Detecting heterogenic tumor cells that are traveling in our body through blood stream for the tumor metastasis is one way for cancer prognosis. Due to the heterogeneity of circulating tumor cells (CTCs), further identification of tumor cell types should be accompanied with CTCs isolation from blood cells in peripheral blood sample. Both negative enrichment and recollection of isolated CTCs are required in the downstream analysis, which are time-consuming, labor-intensive, and massive equipment required. To solve these limitations, we have developed a simple and disposable spiral shape microfluidic channel that can separate all CTCs from blood cells, and at the same time, can identify the types of CTCs based on epithelial cell adhesion molecule (EpCAM) expression level. Two different types of tumor cells, MCF-7 and MDA-MB-231, both from the same origin of breast carcinoma cells, were used to demonstrate the functionality of the developed system. The spiral channel system could capture the EpCAM positive and negative CTCs with 96.3% and 81.2% purity, respectively, while both EpCAM positive and negative CTCs were differently positioned along the microfluidic channel.

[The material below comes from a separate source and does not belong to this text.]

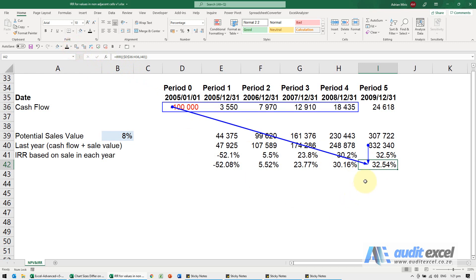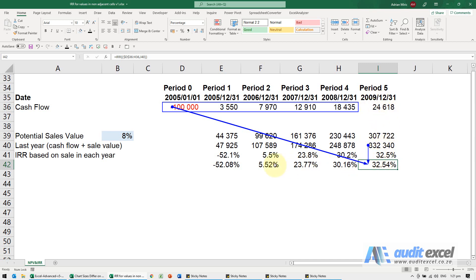What it's calculating is the IRR starting here - negative 100,000, then 3, 5, 7, 9, 12, 9, 18, 4, 3, 5. And then for the last year, it uses this number, which is the sale value plus the cash flows for that year, to give you what the IRRs would be in each year if the sale happened in that year.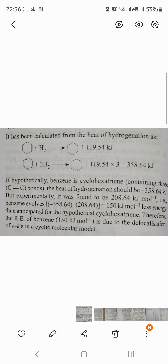Theoretically, the value for benzene is 358.64 kJ per mole, whereas practically it is 208.64 kJ per mole. That means the difference between the two energy values, which is 150 kJ per mole, is benzene's resonance energy.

The average selectivity of EpCAM positive and negative CTCs is 6.1:4.8. In addition, the throughput of the system was optimized at a sample flow rate of 150 µl/min. The developed system successfully demonstrated its potential to identify biomarkers, including EpCAM, for detecting the heterogenic CTCs.

检测在人体中通过血流传播的异源性肿瘤细胞是否发生肿瘤转移是癌症预后的一种方法。由于循环肿瘤细胞（CTC）的异质性，应进一步从周围血样中的血细胞中分离出CTC，以进一步鉴定肿瘤细胞类型。在下游分析中，既需要对富集的CTC进行负富集又要对其进行回收，这既费时，费力又需要大量设备。为了解决这些局限性，我们开发了一种简单的一次性螺旋形微流控通道，该通道可以将所有CTC与血细胞分离，同时可以根据上皮细胞粘附分子（EpCAM）的表达水平识别CTC的类型。两种不同类型的肿瘤细胞，MCF-7和MDA-MB-231，两者均来自相同来源的乳腺癌细胞，用于证明所开发系统的功能。螺旋通道系统可以分别捕获纯度为96.3％和81.2％的EpCAM正负CTC，而EpCAM正负CTC沿微流通道的位置不同。EpCAM正和负CTC的平均选择性为6.1：4.8。此外，在150 µl / min的样品流速下，系统的通量得到了优化。研发的系统成功展示了其识别生物标志物（包括EpCAM）以检测异源CTC的潜力。分别将EpCAM阳性和阴性CTC沿微流体通道定位的位置不同。EpCAM正和负CTC的平均选择性为6.1：4.8。此外，在150 µl / min的样品流速下，系统的通量得到了优化。研发的系统成功展示了其识别生物标志物（包括EpCAM）以检测异源CTC的潜力。分别，而EpCAM阳性和阴性CTC沿微流通道的位置不同。EpCAM正和负CTC的平均选择性为6.1：4.8。此外，在150 µl / min的样品流速下，系统的通量得到了优化。研发的系统成功展示了其识别生物标志物（包括EpCAM）以检测异源CTC的潜力。